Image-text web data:
★ ★ ★ ★

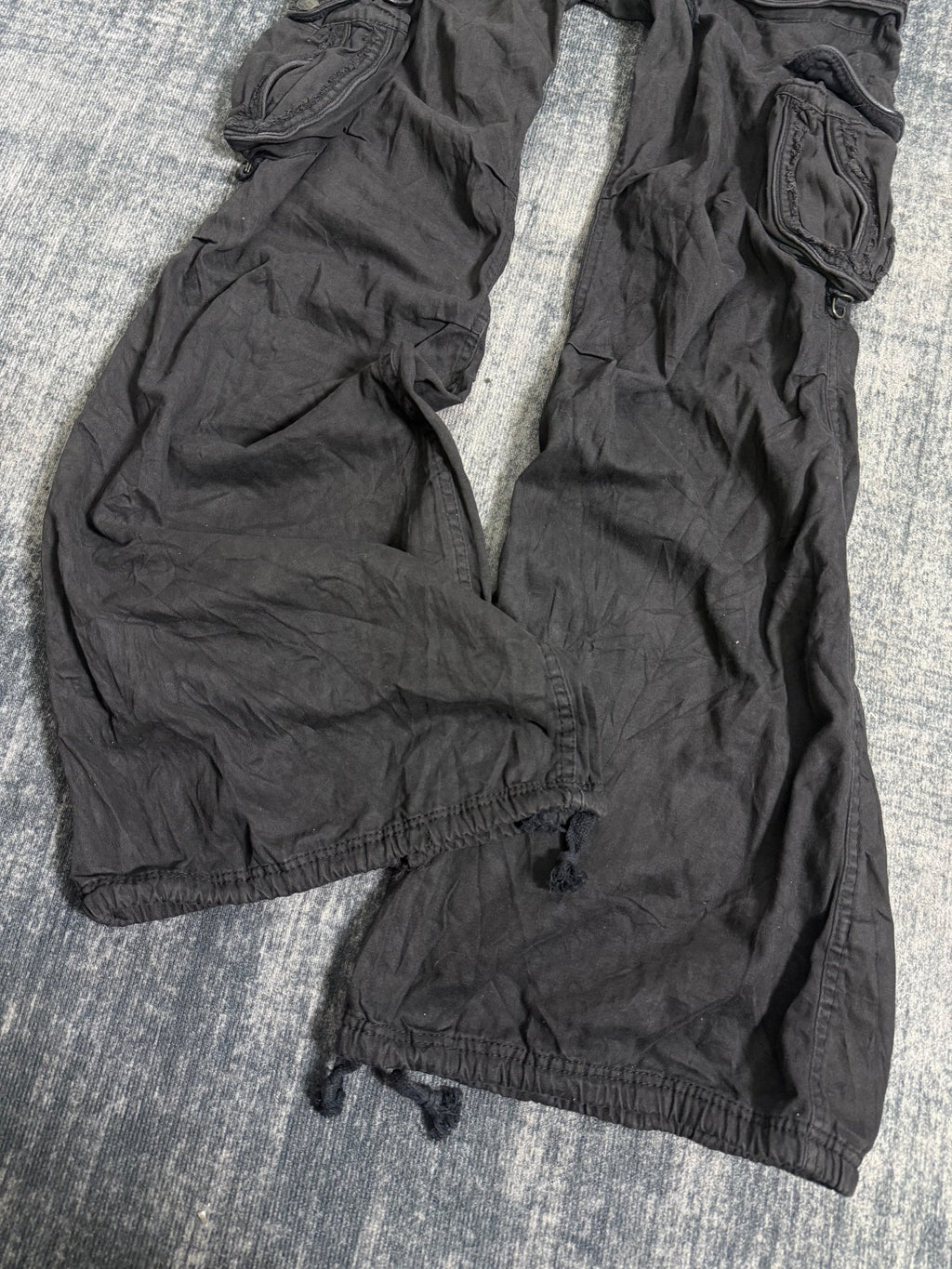 B2V - CARGO PANT༒ vintage streetwear thrift y2k clothing by B2V_BAD2WEAR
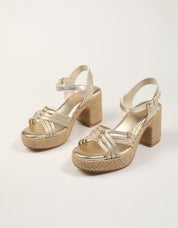 SANDALIAS POPA VALVAS LAMINADO ORO CT51701 en color Oro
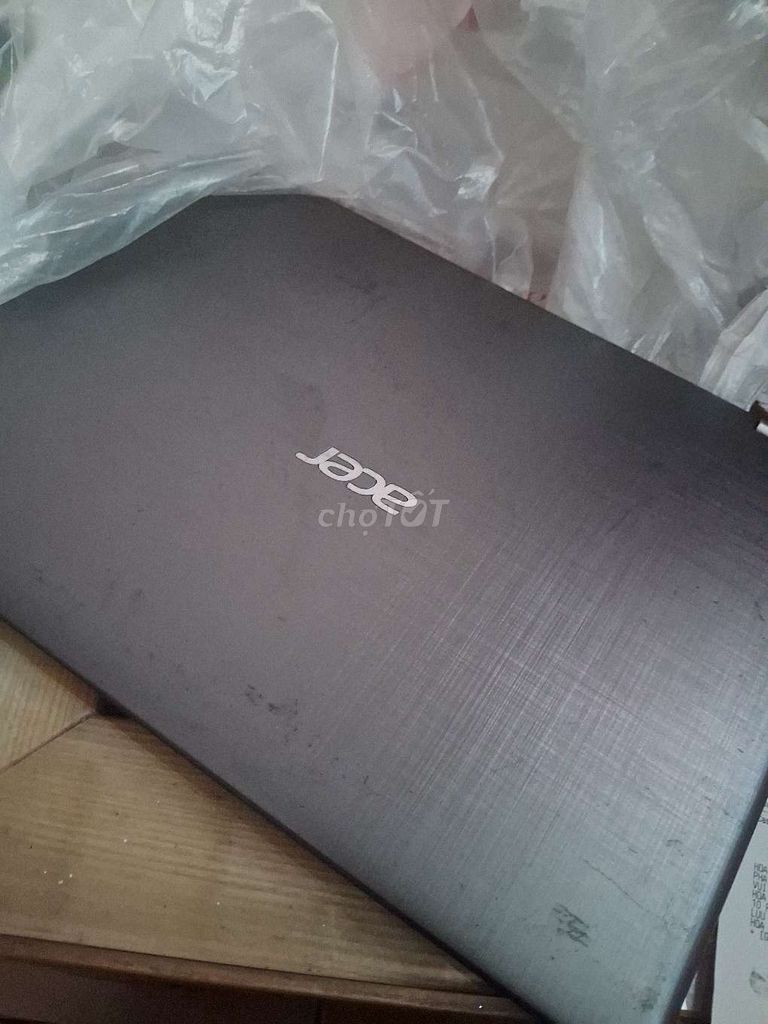 Acer Spin 3 series đen. Mua bán Laptop tại Quận 4 Tp Hồ Chí Minh được đăng bởi Chị Hoàng hình 1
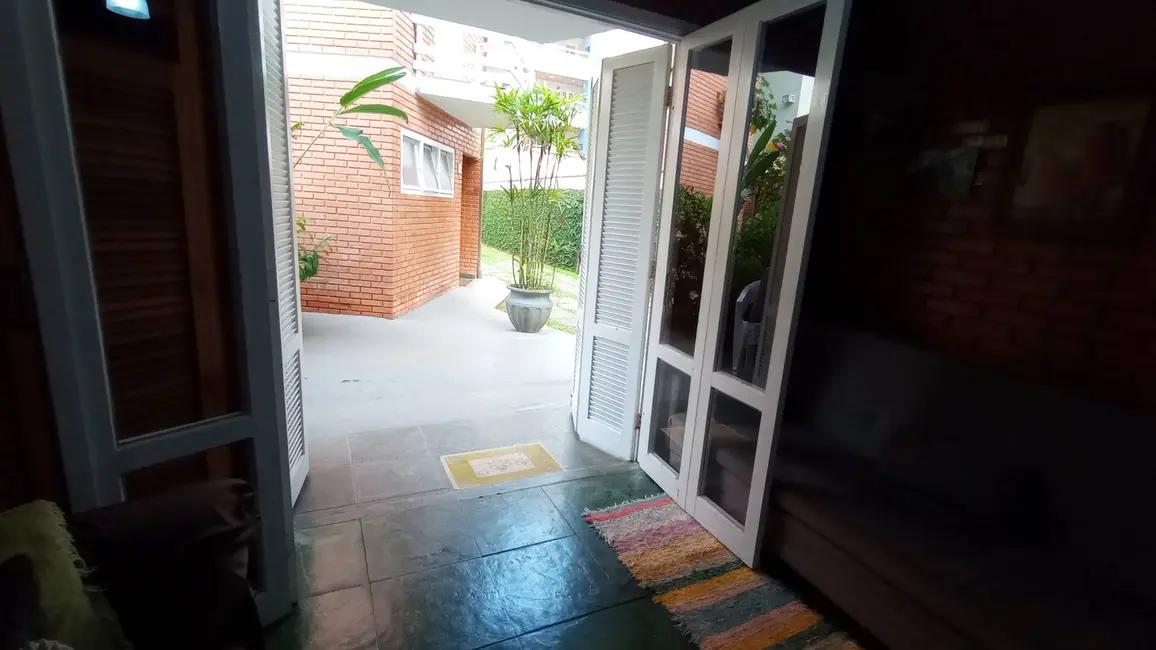 Foto 7 de Apartamento com 2 quartos à venda, 60m2 em Ubatuba - SP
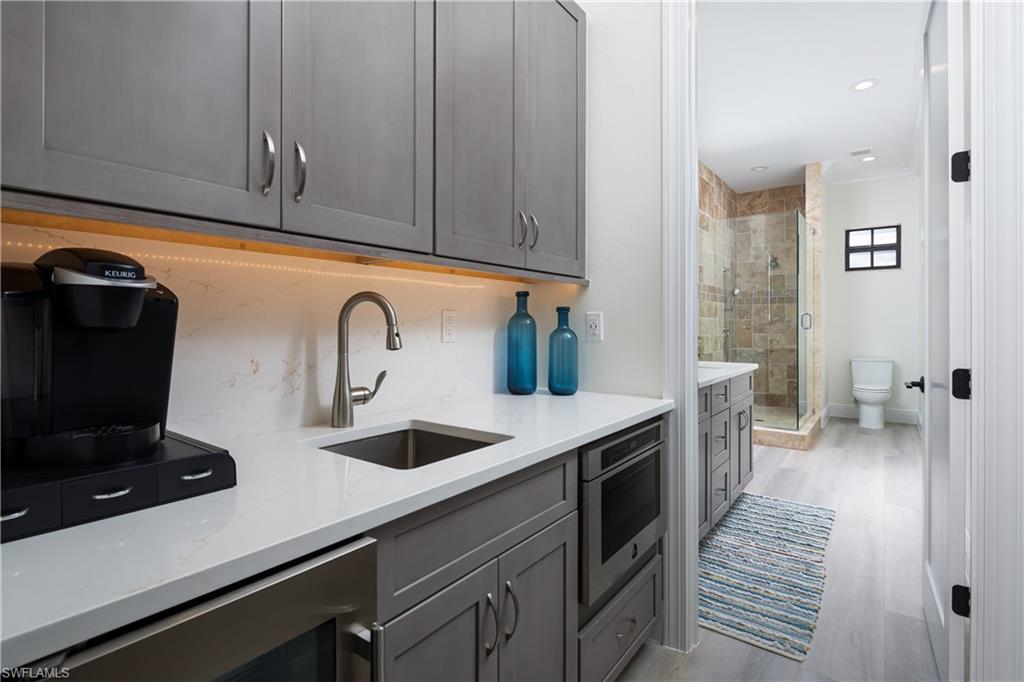 391 Palermo CIR, FORT MYERS BEACH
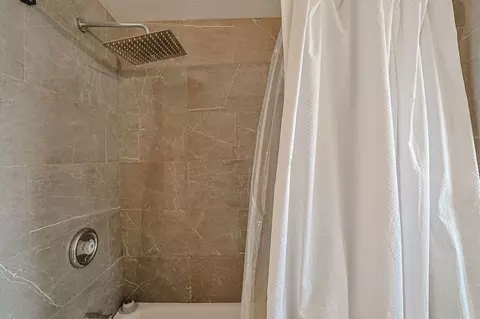 Bath - 4123 Prescott Ave, Lyons, IL 60534 photo 1 of 3
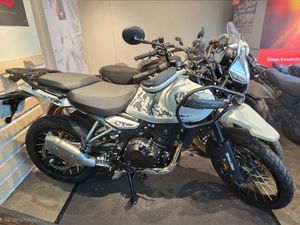ROYAL ENFIELD HIMALAYAN 450 EURO 5 451 CC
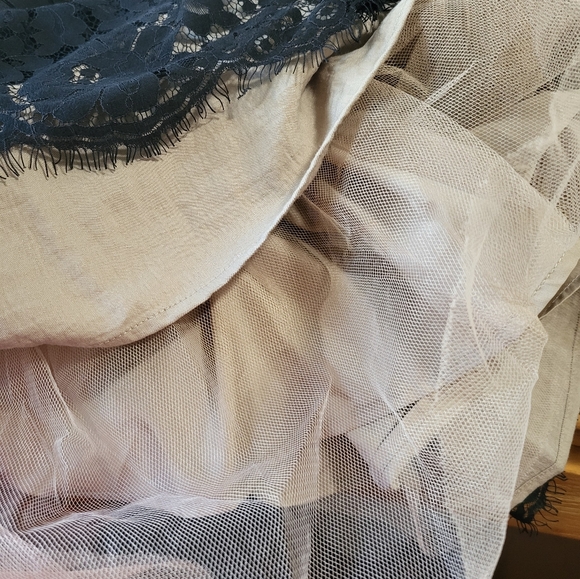 Neiman Marcus black over cream mini dress  women's 4   #2370 - Picture 3 of 10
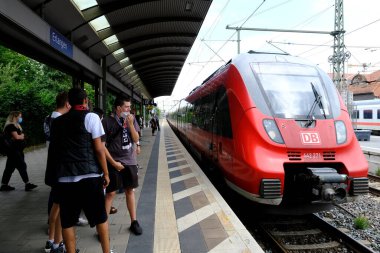 Yolcu, 23 Temmuz 2022 'de Almanya' daki Erlangen Tren İstasyonu 'nda bir platformda duruyor..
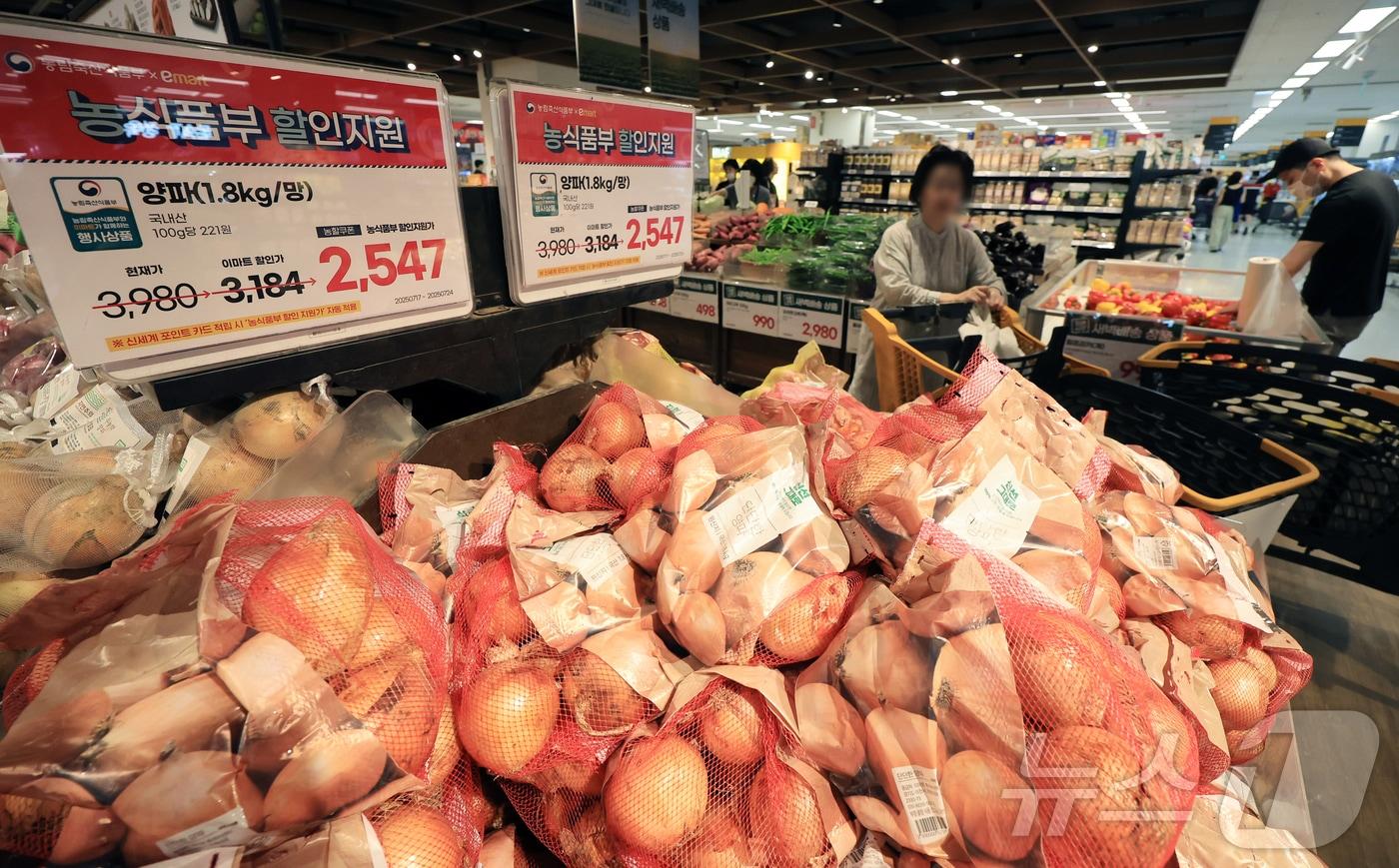 서울 이마트 용산점에서 농수산물을 구매하는 시민들.  ⓒ News1 김진환 기자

★ ★ ★ ★

§ About this exercise
Print, exactly and only, the lines running from the line with "ROYAL ENFIELD HIMALAYAN 450 EURO 5 451 CC" through the last line of the data, including both. Skip any picture.

§ Answer to this task
ROYAL ENFIELD HIMALAYAN 450 EURO 5 451 CC
 Neiman Marcus black over cream mini dress  women's 4   #2370 - Picture 3 of 10
 Yolcu, 23 Temmuz 2022 'de Almanya' daki Erlangen Tren İstasyonu 'nda bir platformda duruyor..
 서울 이마트 용산점에서 농수산물을 구매하는 시민들.  ⓒ News1 김진환 기자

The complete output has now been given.